Além do trabalho no jornalismo, o entrevistado é poeta, cronista e autor do livro “Aos trinta, síndico, Carlos e outras crônicas escolhidas”, premiado no IV Selo João Ubaldo Ribeiro da Fundação Gregório de Mattos, da Prefeitura de Salvador. Conheça a produção literária do entrevistado em Escrita Secreta.
Com essa formação e experiência vasta, o convidado participou das mesas “Divulgar é preciso: mídia e a divulgação da ciência” e “A divulgação da ciência no combate à desinformação e ao negacionismo” e trouxe reflexões sobre os desafios da comunicação pública da ciência no Brasil, o papel das universidades e da imprensa, e a necessidade de fortalecer estruturas institucionais de comunicação científica.

Recentemente, você participou do evento Divulgação Científica em Pauta, o qual colocou em pauta a importância da divulgação da ciência para sociedade. Qual a sua percepção sobre essa necessidade de ampliar o debate sobre divulgação pública da ciência nas Universidades até mesmo para o fortalecimento da democracia e da cidadania?

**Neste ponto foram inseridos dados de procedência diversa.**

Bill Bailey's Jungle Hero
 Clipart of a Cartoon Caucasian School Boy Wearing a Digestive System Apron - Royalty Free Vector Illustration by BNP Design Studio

Ricardo Sangiovanni: Realizar esse debate, de modo geral, é fundamental em tempos de avanço de discursos negacionistas, nos quais a ciência é ora ignorada, ora descredibilizada, ora falsificada, sempre visando suscitar incertezas e incompreensões na população, especialmente nas pessoas mais vulneráveis do ponto de vista cultural, educacional e humanístico – gente que se pode encontrar em todas as classes sociais, não somente nas mais pobres. E realizá-lo nas universidades é sobremaneira importante, por duas razões. Primeiro, porque é preciso repelir todo tipo de dúvida acerca da relevância social da formação científica que as universidades oferecem à juventude, reafirmando o papel do pensamento crítico e do projeto de sociedade amparada no conhecimento que essas instituições representam. Segundo, porque, se as universidades são responsáveis por cerca de 95% do conhecimento produzido no país, a sociedade precisa e merece saber que conhecimento é esse e como ele se materializa, impacta ou dialoga com seu cotidiano.
Como você é jornalista da UFBA, portanto, com vivência do contexto das Universidades Federais, quais são os maiores desafios para a institucionalização da comunicação pública da ciência nas universidades?
Ricardo Sangiovanni: Entendo que o desafio maior é nivelar o status e o grau de prestígio das áreas de comunicação social nas estruturas administrativas das universidades. Toda universidade tem estruturas robustas de pesquisa, ensino, extensão, planejamento, administração; mas o mesmo não se verifica no caso das estruturas de comunicação. Para avançar concretamente nesse aspecto, seria interessante a realização de um estudo técnico indicando qual a configuração básica de um serviço universitário de comunicação social – quantos profissionais? Quais especialidades? quais serviços e equipamentos necessários? – , bem como um dimensionamento do investimento adequado para se atingir um patamar mínimo de solidez e entregas das áreas de comunicação. Hoje, as universidades têm estruturas de comunicação muito desiguais: algumas poucas são exemplares, com muitos profissionais, especialidades e grande respeito por parte de suas reitorias e comunidades; outras tantas, lamentavelmente, deixam a desejar, com pouca ou nenhuma autonomia, sobrecarga de tarefas, falta de especialidades e escassez de equipamentos. Nivelar essas estruturas seria uma medida fundamental para se criar um verdadeiro sistema universitário de comunicação pública da ciência.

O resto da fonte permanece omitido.